Art classes don’t teach that objects appear exponentially smaller as they recede into the distance. To make something appear half the size, you need to move it twice as far away, not move it by a constant amount.
Either you never had art class in high school, or you forgot that it does not get explained that nicely. Most kids, as well as adults taking casual courses, will never learn this.
Can we go "hey we can fix all of this with a switch in function"? Absolutely. Should I ammend the article with that? Yeah, also absolutely. Is it how the vast majority of people get taught three point perspective? Very much not.
Again, please file an issue so that I don't forget to write that section, because pages on the internet well outlast their life on hackernews, but I work on a million projects and will forget about this if there's no issue =)

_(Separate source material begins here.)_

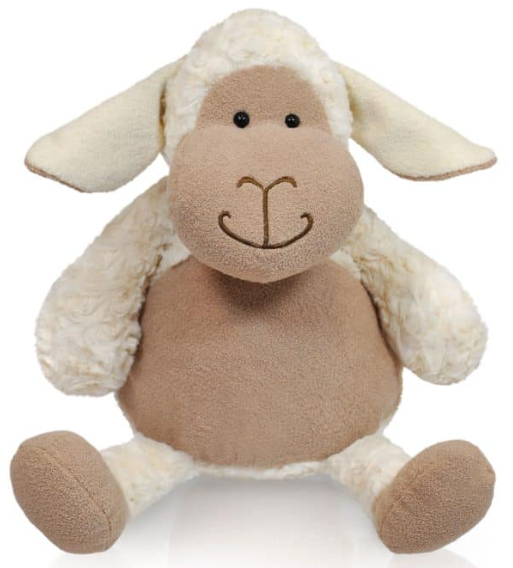 Geboorte Schaap Sammie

I did have art class in high school, and I’m aware that most artists won’t have been taught the formulas in full mathematical detail. But you’re the one describing your method as “based on how it gets taught in art class” and calling it “strict” and “true” three-point perspective (or at least calling the usual method “not true three-point perspective”). What I’m suggesting is that maybe you should examine the extra assumptions you made in addition to the rules from art class before drawing conclusions from them.
I think you might have just had a bad class on the topic. For what it's worth I watched Erik Olson's artistic linear perspective class lectures on New Masters Academy and it definitely didn't teach perspective working the way you describe.